Revelstoke stands at the western end of Rogers Pass, where the Columbia River is joined by the glacier-fed Illecillewaet River. The building of the Canadian Pacific Railway through Revelstoke in 1885 marked the beginning of the town’s settlement history, but with the later arrival of the Trans-Canada Highway, the town became a recreational destination.
E.J. Hughes’s sketching trips through the Interior of British Columbia coincided with the opening of this major auto route, though at first he did not own a car. During his first summer in the Interior in 1958, Hughes, age 45, traveled by bus with his wife, Fern. That trip concluded with a visit to Revelstoke, from where he wrote to his dealer, Max Stern: “I find this hiking back and forth to the motif 4 or 5 miles sometimes each way, and sometimes, like now, in 95-degree weather, cuts into my sketching time and energy a great deal.”[1]
Hughes began Eagle Pass at Revelstoke with a pencil study done on site and densely annotated with colour notes. Another pencil study concentrated on the mountains and Rogers Pass in the distance. He took these back to his studio and in 1961, working up to the eventual painting, he drew Eagle Pass at Revelstoke, a complete tonal study or “cartoon” in graphite, which is offered here for sale. The resulting large oil painting, Eagle Pass at Revelstoke, was painted later that year.
Hughes began to create highly resolved tonal studies during the last years of his service as an official Canadian war artist, in preparation for his striking paintings, and carried on with this process until 1961. Eagle Pass at Revelstoke was the ultimate example. In all Hughes created approximately 53 such cartoons, and they are regarded as some of the finest of all Canadian drawings. Examples are in the collections of the National Gallery of Canada, the Canadian War Museum, the Department of Foreign Affairs, the Montreal Museum of Fine Arts, the Art Gallery of Sir George Williams University, the Art Gallery of Ontario, the Art Gallery of Hamilton, the Winnipeg Art Gallery and the Vancouver Art Gallery as well as numerous prestigious private collections.
When he shipped the oil painting Eagle Pass at Revelstoke to the Dominion Gallery on September 11, 1961, Hughes described it in a letter to Stern as follows: “This view of the outskirts of Revelstoke and the Columbia River is from the famous Mt. Revelstoke Ski Jump, which of course is deserted in the summer time. I believe soon, or even already, a third bridge is being built to the right of the 2 in the picture for the new Trans-Canada Highway.… The domed building is the Court House and the main part of the city is out of the picture to the left.”
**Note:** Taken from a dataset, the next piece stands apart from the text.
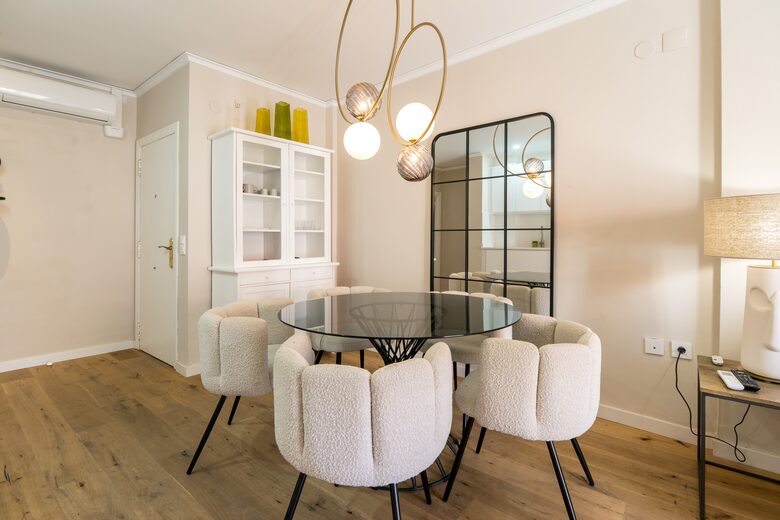 Elegant 2 bedroom penthouse With Terrace - Valencia, Spain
While Hughes was at work on this canvas, a television crew arrived to film him in his studio at Shawnigan Lake. As he reported to Stern in the same letter, “This painting with its cartoon and original small pencil sketch will be featured along with their producer [Hughes] in a CBC TV production.”
After filming the artist at Shawnigan Lake on Vancouver Island, the crew traveled across the province to film Revelstoke from the very viewpoint Hughes had chosen. Thus, onscreen they were able to merge their view of Revelstoke with Hughes’s cartoon of Eagle Pass at Revelstoke, which then dissolves into the oil painting that was on his easel at the time. The film, a CBC Television episode of The Lively Arts, first aired on December 26, 1961.[2] Hughes recreated this memorable image as a watercolour in 2006.
We thank Robert Amos, artist and writer from Victoria, BC, for contributing the above essay. Amos is the official biographer of Hughes and has so far published five books on his work. Building on the archives of Hughes’s friend Pat Salmon, Amos is at work on a catalogue raisonné of the artist’s work.
1. E.J. Hughes to Max Stern, August 24, 1958, and other correspondence, Special Collections, University of Victoria.
2. Daryl Duke, dir., Henry Comor, host, “Five BC Painters,” The Lively Arts, CBC Television, Vancouver, scheduled November 28, aired December 26, 1961.